Historic house in Virginia, United States

The historic home listed as Lewis Farm, also known as The Farm and John A. G. Davis Farm, is located at Charlottesville, Virginia. It was built in 1826, and is a two-story brick dwelling with a low hipped roof and two large chimneys. On the front facade is a Tuscan order portico with a terrace above. The house was built by individuals who worked with Thomas Jefferson on building the University of Virginia. Its builder, John A. G. Davis, was law professor at the University of Virginia and was shot and killed outside Pavilion X by a student in 1840. During the American Civil War, Brigadier General George Armstrong Custer set up temporary headquarters at the house where he remained for three days.

It was listed on the National Register of Historic Places in 1982.

==History==
In 1735, Nicholas Meriwether obtained patents from King George III to approximately 19,000 acres in Albemarle County east of Charlottesville. One parcel of 1020 acres was located west of the Rivanna River, the area which now is the Locust Grove and Belmont neighborhoods. It became known as "The Farm" because it was the one cleared area in a virgin forest.

A main house and out buildings were built at "The Farm" on the hill facing the river to the east. The house burned after a couple of decades. Nicholas Lewis, grandson of Meriwether, inherited the property in 1762 and built another main house facing the river around 1770. Nicholas Lewis (1734-1808) was an Albemarle County landowner and friend of Thomas Jefferson. Lewis was also an officer in the American Revolution, a County magistrate, Surveyor, and Sheriff. After the death of Nicholas Meriwether, his grandfather, in 1744, Lewis inherited The Farm, 1,020 acres on both sides of the Rivanna River east of Charlottesville. The estate was the headquarters of British Lt. Col. Banastre Tarleton, who occupied Charlottesville for a day in 1781 to pursue Jefferson and the rest of the Virginian legislators.
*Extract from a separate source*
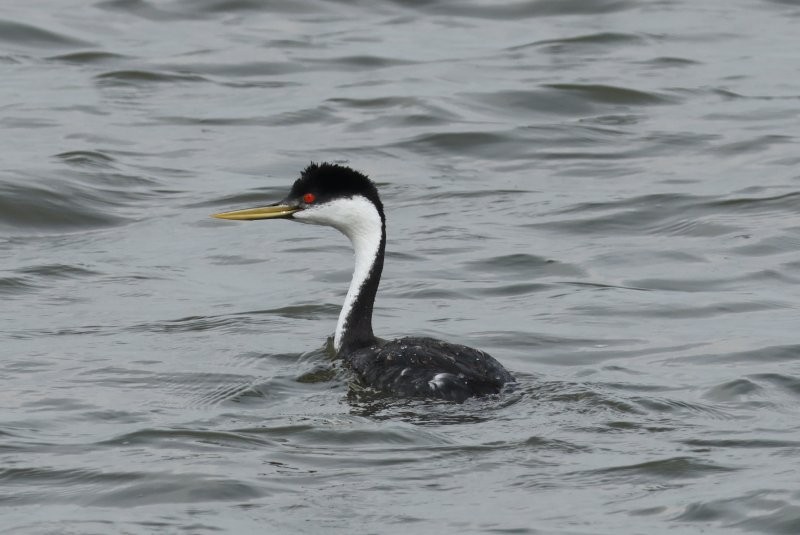 Western Grebe - ML641712818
It was described as a place of beauty surrounded by a garden of roses, shrubs and fine fruit. It could have been built on or near the foundations for the first house. A listing in The Mutual Assurance Society of Virginia records from 1805 may describe the house. It was a wooden dwelling two stories high, 48 feet long and 22 feet wide. There is an active spring down the hill a couple of hundred yards to the south. All that remains is the kitchen or cook's house. It now is in the middle of a middle class housing subdivision facing Twelfth Street. It is still surrounded by mature hardwood trees and retains its view of Monticello. Nicholas Lewis was buried on his property in a cemetery on a hilltop overlooking the river where his gravestone says January 19, 1734 to December 8, 1808.